WHAT YOU WILL DO
"Selbstverständlich darf auch" appears in one line; retype that line and all lines following it through the end of the records, with nothing left out or added.

[Stored items]
******

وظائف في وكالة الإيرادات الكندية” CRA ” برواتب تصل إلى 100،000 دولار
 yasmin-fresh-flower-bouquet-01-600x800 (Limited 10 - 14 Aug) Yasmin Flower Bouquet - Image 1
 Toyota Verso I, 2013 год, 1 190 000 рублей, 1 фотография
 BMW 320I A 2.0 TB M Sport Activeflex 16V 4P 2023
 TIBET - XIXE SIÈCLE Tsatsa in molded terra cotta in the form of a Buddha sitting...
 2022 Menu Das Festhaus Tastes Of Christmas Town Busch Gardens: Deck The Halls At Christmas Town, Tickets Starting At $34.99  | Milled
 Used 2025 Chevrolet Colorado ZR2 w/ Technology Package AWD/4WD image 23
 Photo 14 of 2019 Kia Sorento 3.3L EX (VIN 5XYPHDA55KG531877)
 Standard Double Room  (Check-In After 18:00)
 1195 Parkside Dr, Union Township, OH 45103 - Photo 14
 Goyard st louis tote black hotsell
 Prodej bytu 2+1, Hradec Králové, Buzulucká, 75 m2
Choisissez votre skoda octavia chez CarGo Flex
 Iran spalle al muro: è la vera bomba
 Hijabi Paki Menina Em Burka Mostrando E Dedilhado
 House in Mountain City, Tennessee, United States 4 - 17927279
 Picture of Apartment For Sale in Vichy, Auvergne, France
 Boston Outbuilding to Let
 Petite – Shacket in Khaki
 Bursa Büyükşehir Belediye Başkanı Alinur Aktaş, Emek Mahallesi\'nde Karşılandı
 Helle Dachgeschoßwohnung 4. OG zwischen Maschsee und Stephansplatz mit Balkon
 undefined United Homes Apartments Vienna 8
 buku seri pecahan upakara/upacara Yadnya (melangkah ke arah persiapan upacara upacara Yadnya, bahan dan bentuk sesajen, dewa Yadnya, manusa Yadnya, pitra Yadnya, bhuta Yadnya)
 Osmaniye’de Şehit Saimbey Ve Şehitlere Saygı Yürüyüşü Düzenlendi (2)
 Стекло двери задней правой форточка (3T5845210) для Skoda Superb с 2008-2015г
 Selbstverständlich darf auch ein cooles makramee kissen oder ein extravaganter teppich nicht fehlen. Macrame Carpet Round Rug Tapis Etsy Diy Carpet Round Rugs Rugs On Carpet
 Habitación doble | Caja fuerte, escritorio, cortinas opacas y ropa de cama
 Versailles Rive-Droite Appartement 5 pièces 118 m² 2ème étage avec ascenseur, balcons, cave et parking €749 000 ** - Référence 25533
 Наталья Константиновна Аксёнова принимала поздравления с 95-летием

******

ANSWER TO THIS TASK
 Selbstverständlich darf auch ein cooles makramee kissen oder ein extravaganter teppich nicht fehlen. Macrame Carpet Round Rug Tapis Etsy Diy Carpet Round Rugs Rugs On Carpet
 Habitación doble | Caja fuerte, escritorio, cortinas opacas y ropa de cama
 Versailles Rive-Droite Appartement 5 pièces 118 m² 2ème étage avec ascenseur, balcons, cave et parking €749 000 ** - Référence 25533
 Наталья Константиновна Аксёнова принимала поздравления с 95-летием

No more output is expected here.